■ PROBLEM TO SOLVE: Check each line of the listing for the word "Christmas" and report the ones that have it.

■ PROVIDED RECORDS:
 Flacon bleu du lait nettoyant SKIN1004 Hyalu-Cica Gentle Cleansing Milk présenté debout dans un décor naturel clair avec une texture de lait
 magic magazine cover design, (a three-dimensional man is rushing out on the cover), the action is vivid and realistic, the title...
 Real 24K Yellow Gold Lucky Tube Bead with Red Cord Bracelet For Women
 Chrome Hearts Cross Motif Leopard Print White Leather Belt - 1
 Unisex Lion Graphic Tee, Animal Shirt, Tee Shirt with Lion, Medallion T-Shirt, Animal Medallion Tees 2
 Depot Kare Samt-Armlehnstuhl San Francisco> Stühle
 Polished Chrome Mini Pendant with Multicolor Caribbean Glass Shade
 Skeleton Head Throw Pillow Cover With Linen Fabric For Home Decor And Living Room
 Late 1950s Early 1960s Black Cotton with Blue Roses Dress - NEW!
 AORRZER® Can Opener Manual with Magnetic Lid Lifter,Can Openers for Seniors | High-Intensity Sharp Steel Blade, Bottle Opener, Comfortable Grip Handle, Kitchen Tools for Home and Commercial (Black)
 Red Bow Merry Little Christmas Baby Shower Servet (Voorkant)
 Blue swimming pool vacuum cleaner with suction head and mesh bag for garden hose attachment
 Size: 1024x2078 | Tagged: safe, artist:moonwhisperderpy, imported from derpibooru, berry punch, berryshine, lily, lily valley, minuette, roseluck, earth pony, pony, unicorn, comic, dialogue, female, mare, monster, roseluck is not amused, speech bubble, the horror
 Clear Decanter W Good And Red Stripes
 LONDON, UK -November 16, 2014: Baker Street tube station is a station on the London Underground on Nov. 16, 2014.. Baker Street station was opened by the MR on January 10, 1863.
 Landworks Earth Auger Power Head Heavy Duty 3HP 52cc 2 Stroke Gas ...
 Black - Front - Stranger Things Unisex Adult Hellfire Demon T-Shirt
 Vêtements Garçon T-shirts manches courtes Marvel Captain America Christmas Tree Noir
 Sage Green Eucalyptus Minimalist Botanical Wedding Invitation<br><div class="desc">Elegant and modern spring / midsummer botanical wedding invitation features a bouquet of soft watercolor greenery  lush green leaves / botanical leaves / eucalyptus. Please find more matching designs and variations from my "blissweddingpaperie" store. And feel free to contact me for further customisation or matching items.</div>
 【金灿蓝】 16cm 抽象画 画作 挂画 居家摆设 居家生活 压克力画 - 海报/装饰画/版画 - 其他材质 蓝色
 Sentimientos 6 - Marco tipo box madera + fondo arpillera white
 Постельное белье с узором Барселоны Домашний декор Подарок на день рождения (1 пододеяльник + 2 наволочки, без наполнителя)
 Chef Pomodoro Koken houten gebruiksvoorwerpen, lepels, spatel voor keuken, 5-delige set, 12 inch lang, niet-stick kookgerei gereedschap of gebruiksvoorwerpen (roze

■ SOLUTION TO THE EXERCISE:
 Red Bow Merry Little Christmas Baby Shower Servet (Voorkant)
 Vêtements Garçon T-shirts manches courtes Marvel Captain America Christmas Tree Noir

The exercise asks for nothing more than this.